Cherish Language Skills and Multilingualism
The new year is approaching and, once again, it is time for the end-of-year lists. Using one of her favourite books of 2021, Lotte Jensen explains the importance of having a broad knowledge of languages and the essential role of translators and foreign language education.
December has come and, with it, the end-of-year lists: the best films, the best documentaries, the best pop music and the best books of 2021. Although, personally, I would find it impossible to compose of list of the five best books, I can certainly mention one: A Bubble in a Raging River (Een luchtbel in een vluchtige rivier) by the poet Jean Pierre Rawie. It is thanks to this text that I have once again realised the importance of multilingualism and a deep knowledge of languages, neither of which should be oppressed by the rampant advance of English in secondary and higher education.

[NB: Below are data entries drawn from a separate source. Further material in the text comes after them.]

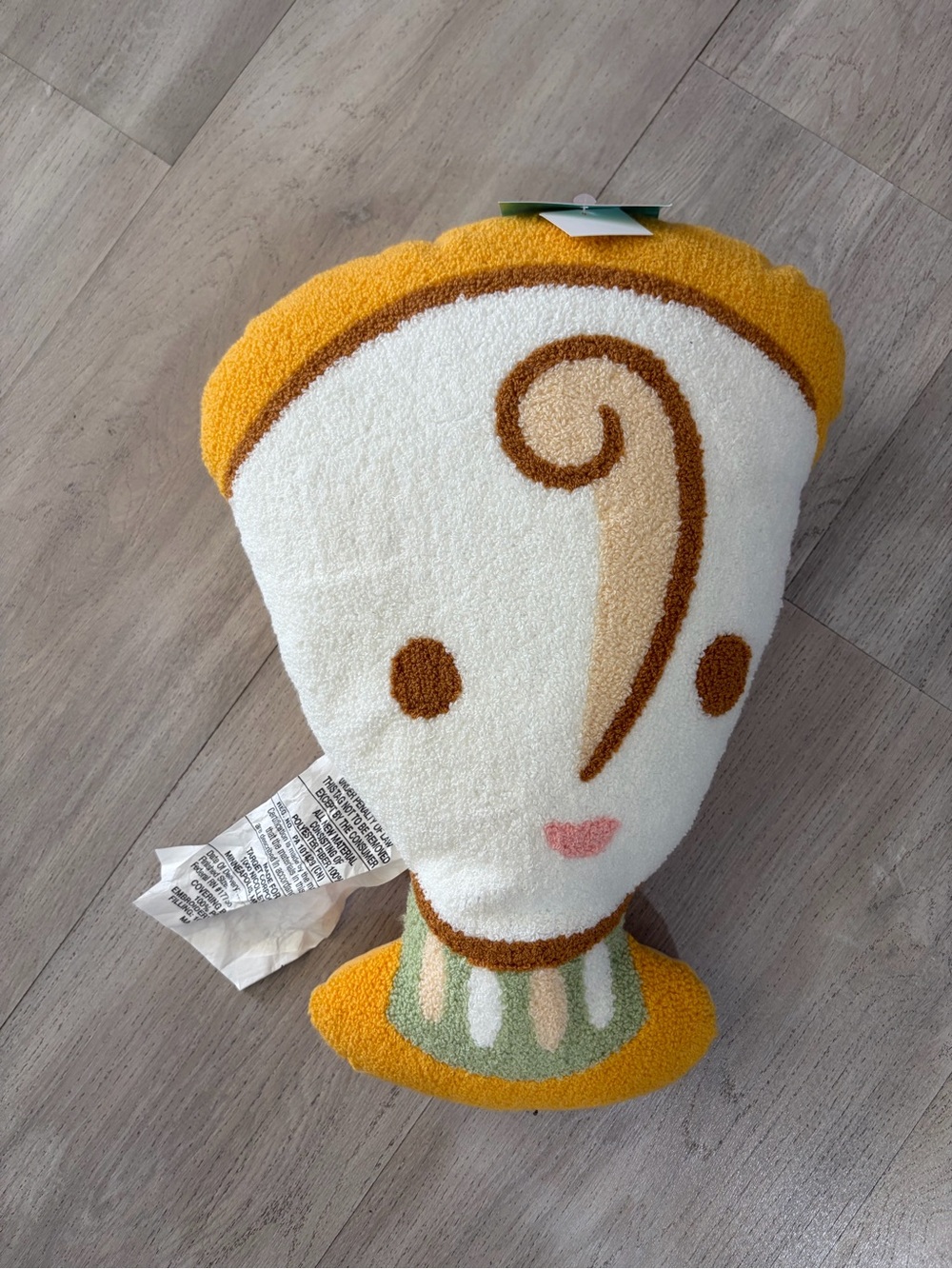Beauty and the beast’s Chip Tea Cup-Textured Accent Pillow in White and Mustard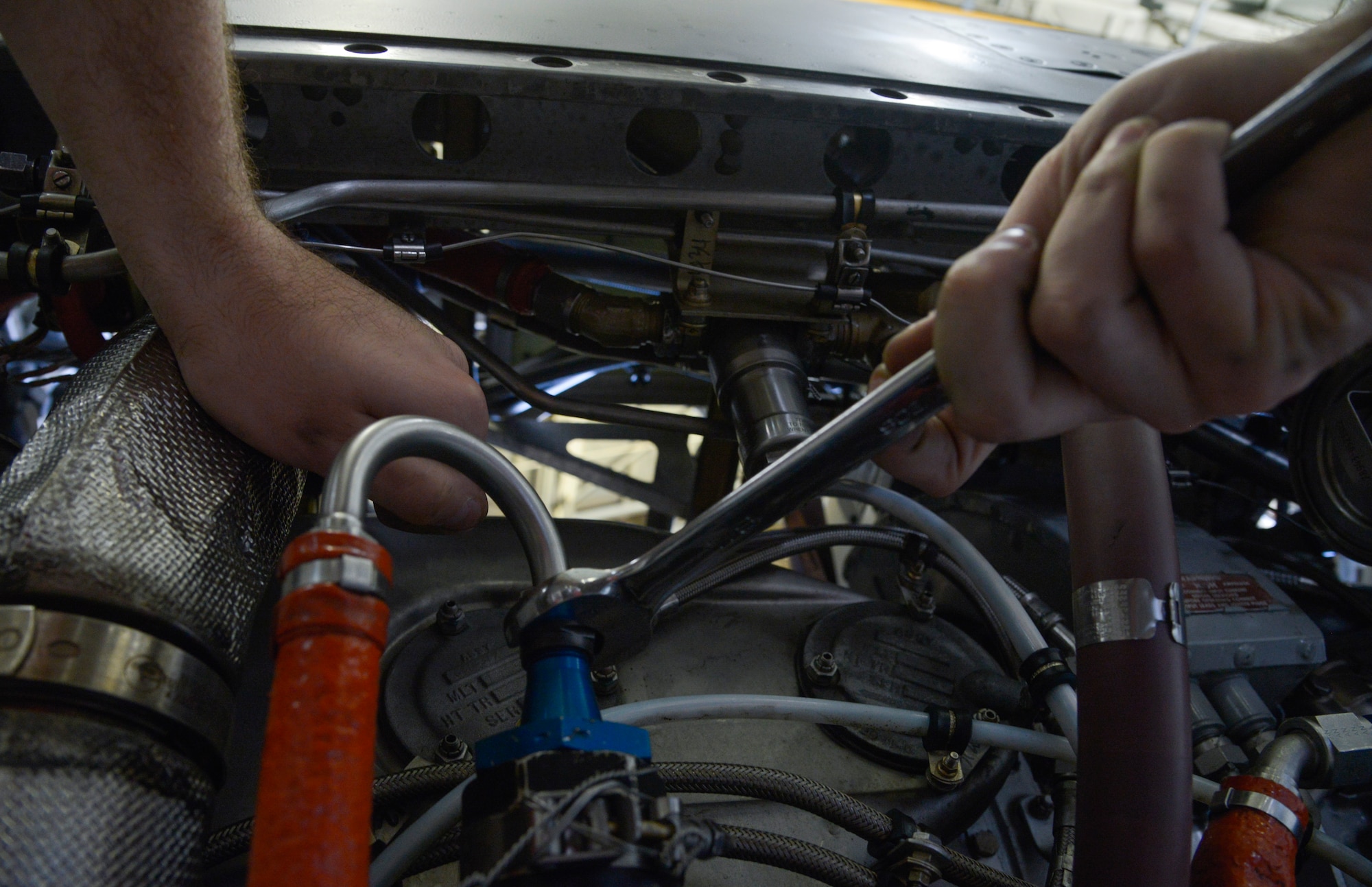 Airman Sam Johnson, 374th Maintenance Squadron propulsion flight aerospace propulsion apprentice, tightens a bolt on a low-pressure fuel filter on an engine at Yokota Air Base, Japan, Sept. 23, 2015. In addition to providing support for both Yokota and Kadena Air Base, the flight provides engine and propeller support for all active duty, guard and reserve C-130s tasked within their area of responsibility. (U.S. Air Force photo by Senior Airman David Owsianka/Released)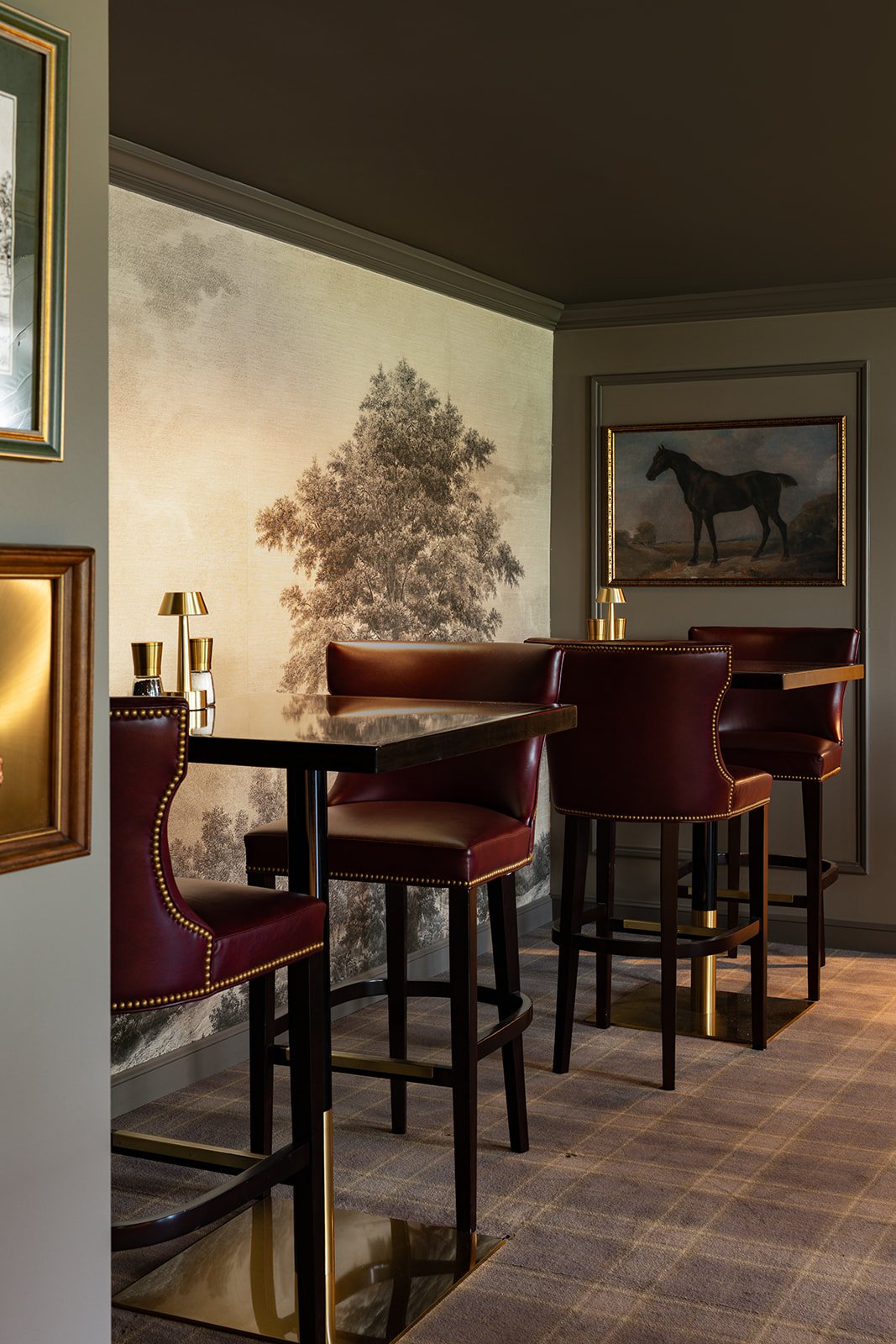 A cozy corner of a restaurant or lounge with high-backed burgundy leather chairs, a dark wooden table, gold lamp fixtures, framed horse paintings, and a large tree mural on the wall.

To mark his 70th birthday, Rawie has collected a great many of his translations in A Bubble in a Raging River. The oldest of the translated poems dates from the 13th century, originally written by the Italian poet Giacomo da Lentini. The most recent is the 20th-century ‘The Scholars’ by the Irish poet W. B. Yeats. For poetry lovers, there is a lot to appreciate in this collection. Take these two translated verses from ‘The Scholars’: “Elk rochelt inkt; elk sjokt gebogen; elk slijt met zijn geslof het kleed.”(“They’ll cough in the ink to the world’s end; Wear out the carpet with their shoes.”)
Rawie provides a short explanation with each poem to give the reader a peek into his poetic kitchen. He believes a translator should respect the form of the original work: a rhyme must remain a rhyme, a sonnet a sonnet. This is not to say, however, that a translator should translate literally, word-for-word. The translation itself should rather be an independent work of art: “A good translation aims to enrich Dutch literature, introducing a poem that did not exist before.”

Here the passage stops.